Today was a really hard day. The kind of day where you have a confrontation with a coworker and feel shaky and ache-y in your bones the rest of the day. I’m having a glass of wine and writing to try to unwind and stop feeling so awful.
I haven’t blogged about my team much. I have never really written about my assistant teacher, who was new in the fall and has become a wonderful friend. She’s also a wonderful assistant teacher. Let’s call her Miss Slinger, after Mr. Slinger, the wonderful teacher in Lily and the Purple Plastic Purse. Miss Slinger was not the issue today (she’s never an issue!), but I just wanted to mention something positive. Sometimes I’ll ask her to do something in passing, and then before I know it, it’s done. Those days, I call her Super Slinger. I get to work with Miss Slinger every day, and that is a really good thing.
There’s also Amelia Bedelia, our special ed assistant teacher. She’s only in our room on Mondays and Fridays, but those days are always good. She’s great with the kids and really fun to work with. So I get to work with Amelia Bedelia, and I’m lucky there, too.
Then there’s Miss Nelson, the special ed teacher who works on Tuesdays, Wednesdays, and Thursdays with my four special ed students. She’s a very good person, very caring, and extremely conscientious. She’s also overworked, possibly overwhelmed, and fairly tightly-wound. Her style of teaching is quite different from mine, and I think it has been hard for her being in my room, and not being the teacher in charge.
One student in particular is a problem where Miss Nelson is concerned, because he behaves differently for her than he does for Amelia, Miss Slinger, or me. Miss Nelson has low expectations for him (without meaning to, but he’s got a disability, you know), and he exploits that and manipulates her. When she’s not with us, he is part of the class and he does pretty well. When she’s in the room, he’s rolling on floors and tables and running out the door, laughing.
I talked frankly to her this morning about how I’d like to change the way things are going for this child. There was a power struggle with him later in the morning, and she stepped back, so I stepped in, and I took his hand and firmly brought him back to the group. I held his hand and brought him all the way down the stairs.
Here’s the email she sent me today, with names changed:
It is with great regret that I tell you that I felt the need to share with R______, K_____and the Prince, the incident this morning with X_____ on the stairs coming back from Art. I was disturbed by the use of an arm pull down the stairs that was used to promote his compliance.
Please understand that I have great respect for your skill as a teacher, but I believe that a child with a disability needs to be handled differently than a typically developing child. I hope that by working together to combine our own teaching styles and support the best interests of special education children, we can talk through this situation, put it behind us and move forward.
Here’s the email that I drafted in response:
It’s okay, I understand your concern. And I am sorry to have upset you. However, I think that you may be blowing this incident out of proportion. I never yanked on X____’s arm, and I never pulled hard.
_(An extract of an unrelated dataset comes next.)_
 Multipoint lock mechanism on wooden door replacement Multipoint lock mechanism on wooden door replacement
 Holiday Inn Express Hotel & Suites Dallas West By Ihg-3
I didn’t hurt X_____, and the end result was that he came back to the line and rejoined the class. (I’m very happy to speak to K____, who is expert in these matters, about how to handle this sort of situation in the future.) Having rejoined the line, X____ participated for most of the morning and had a good, happy day. It was wonderful that he chose the art center, and that he made some progress on learning how to use scissors. Had he been allowed to continue to refuse to participate, as has happened many times before, we would have lost him for the rest of the morning, as has happened many times before.
I hope you understand that I am not advocating for treating X____ exactly like any other student, all the time. I am, however, advocating for having high expectations for him so that he has the opportunity to succeed. He is, after all, in our class to be mainstreamed. Rather than say from the start, “he can’t do this, it’s too much for him,” and not even try to have him do things with us, I’d like to start with the expectation that he will be a part of all that we do, and then make adjustments as necessary.
I am looking forward to our meeting with R____ and K____ on Thursday, and want to let you know that the Prince will be there as well. I hope that the two end results will be that X____ starts to be fully integrated and really successful in the classroom, and also that the two of us will improve our teamwork and partnership, with a strong sense of shared purpose and trust on both ends.
I probably won’t send it. I’ll send her a brief, edited version.
The good news is that I called the Prince at home, where he was trying to make burritos, and he gave me his full support.
Now I just have to make it through this big meeting on Thursday.